It was supposed to be a historical IPO. Valued, revalued, increased: Facebook going public was bound to be a saga. Grateful investors were meant to buy 421 million shares priced at $38 (which would have valued the whole company at a whooping $104 billion) and be immediately rewarded with a first-day “pop”.
Indeed, it all started with a pop: the pop of the Nasdaq computer system, which made it virtually impossible for anyone to know if they were actually buying or selling Facebook shares - a glitch that lasted through the week-end until Monday morning.
But when the clouds of the treacherous machine started to lift, the landscape was that of desolation. On Friday, Facebook struggled to remain around its offering price of $38. On Monday, it fell down 11% to $34. Today, it shed another 9% down to $31. In two days of public existence, Facebook has lost several JPMorgan’s bad trades worth. Ouch.
The issue was obvious almost from the start. A shadow of a doubt remained for a few hours on Friday but very soon people faced the truth: the underwriters were stabilizing the deal using the greenshoe.
Wonder what that exotic beast is? It’s quite simple, really: instead of selling the 421 million shares Facebook had already issued, the underwriters sold 484 million shares or 63 million more. How did they pull the trick of selling something that doesn’t even exist?
It’s the magic of finance. When a company goes public, the underwriters can short an additional 15% shares to investors. If all goes well and the company soars, it issues the missing shares at the offering price. Demand met, everyone goes home happy. If, on the contrary, the deal goes awry, the underwriters can buy back these 15% at the offering price thus pulling the shares up. Please note that the underwriters don’t lose or gain a cent in the process.
That’s what happened on Friday. And possibly on Monday. And maybe (although probably not) even today. Where Facebook would be without this convenient help, we don’t know and won’t know for another couple of days. But it is now safe to say that Facebook’s historical IPO is a historical fail.
Of course such a big disappointment caused many fingers to be pointed. Bloomberg has quoted one of the initial buyers complaining that he was sold 40% more shares than he intended to. Apparently, the underwriters invoked a “huge demand” so that many buyers bid for much bigger positions than they expected to get. Unfortunately, they got it all and sold the exceeding shares as soon as they could, thus dragging Facebook down.
Then another baffling timing was exposed: Morgan Stanley, the main underwriter for Facebook’s IPO, reduced its forecasts for Facebook’s revenue in the roadshow to the said IPO. A situation unheard of that is said to have freaked potential investors out.
Sure, Scott Devitt, the Morgan Stanley guy who did the deed, is from a different section of the bank: he’s the bank consumer Internet analyst. Therefore he had all the rights to draw his conclusions and he probably knows what he’s doing: Facebook’s revenue may be lower than expected. But he screwed up the moment he gave that information to all the big investors while the small ones remained in the dark (he was forbidden to make a public annoucement before the IPO). And it is also true that this is one of the worst timing fails in History.

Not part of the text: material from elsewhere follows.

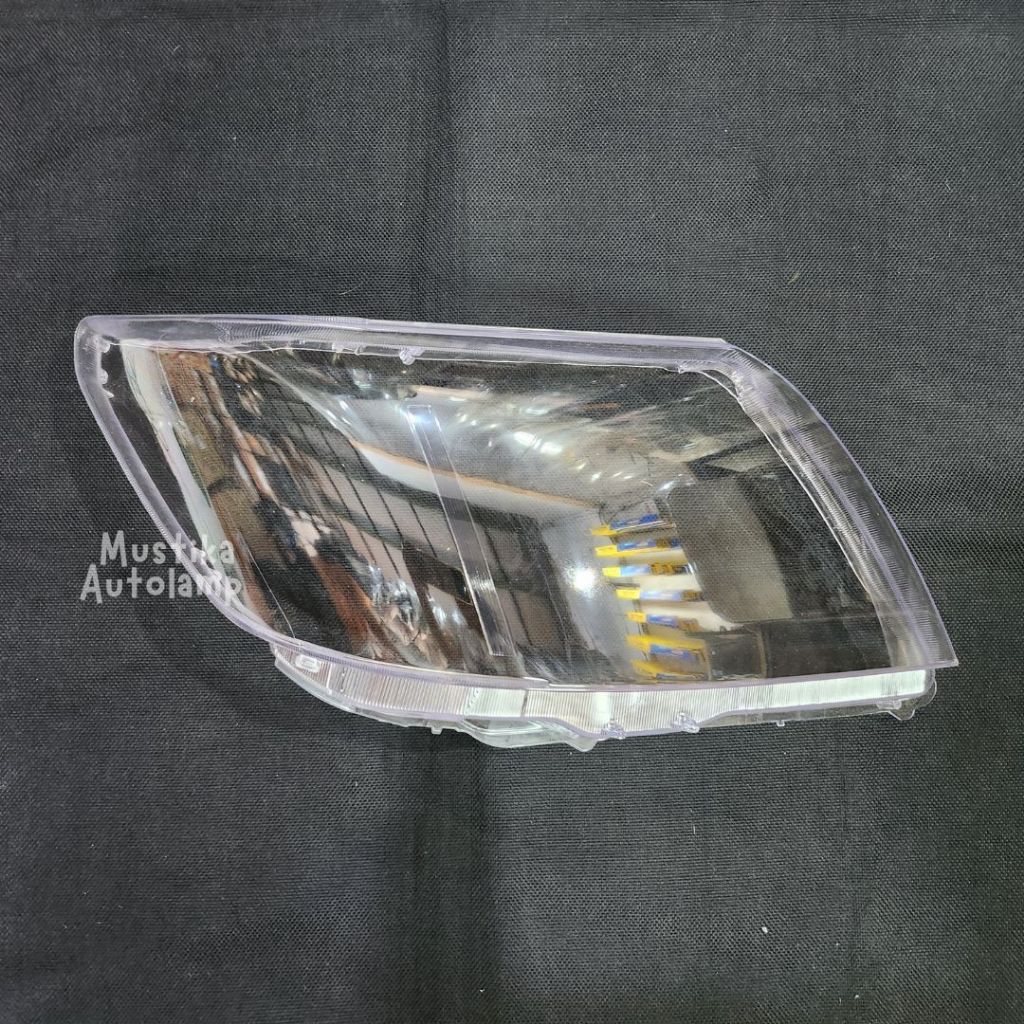 MIKA Headlamp MIKA Lampu Depan Hilux Vigo 2012 2013 2014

Lastly, Morgan Stanley - again - was pointed at as being responsible of Facebook shares value increase from $28-34 to $34-38. Some people (who, as usual, did not want to be named) implied that there had been some severe disagreements between advisors before the value was eventually increased. All the information comes from Bloomberg.
All in all, it looks like the Gods of Finance wanted Facebook to fail.
But invoking the vicissitudes of Fate is missing the point of this huge cacophony. Which is: how could it pass unnoticed that a company with an obscure and capricious management, an unclear revenue and an uncertain business model should be valued at between 45 and 55 times its supposed revenue? The answer is: it could not.
Unlike Google, Facebook is well-known for being sustained by very simple, some would say insufficient technology. Facebook’s web page was bugged for the first 6 years of its existence and as soon as that issue was settled, the bugs were brought to the mobile application.
Speaking of which, it is now clearly proven that Facebook’s business model, which relies entirely on unwanted advertisement, does not work on mobile phones. No alternate model has been designed so far. Oh wait, Facebook bought Instragram - for a crazy price and without even consulting the board. That is NOT reassuring.
Despite all these reasonable doubts, Facebook’s IPO raised $16 billion. Google’s on the other hand raised $1.67 billion (10 times less!) which valued the company at a much more modest (and yet huge) $23 billion. The discrepancy is much bigger than the very controversial pre-IPO increase in Facebook shares value.
See the paradox? I do. And investors do, too. That is why they are going to do what a financial advisor told me yesterday that they would: “We are now going to keep a close eye on the company management, like we do with any other company. And we are going to make decisions based on it.”
But that is going to take long. And in the meantime, Facebook’s original shareholders will be set free to sell however many shares they still detain, which will not help the company remain at a steady value.
The nice thing about historical parties is that when you think they’re over, in truth, they’re only just starting. And all the fun is yet to come.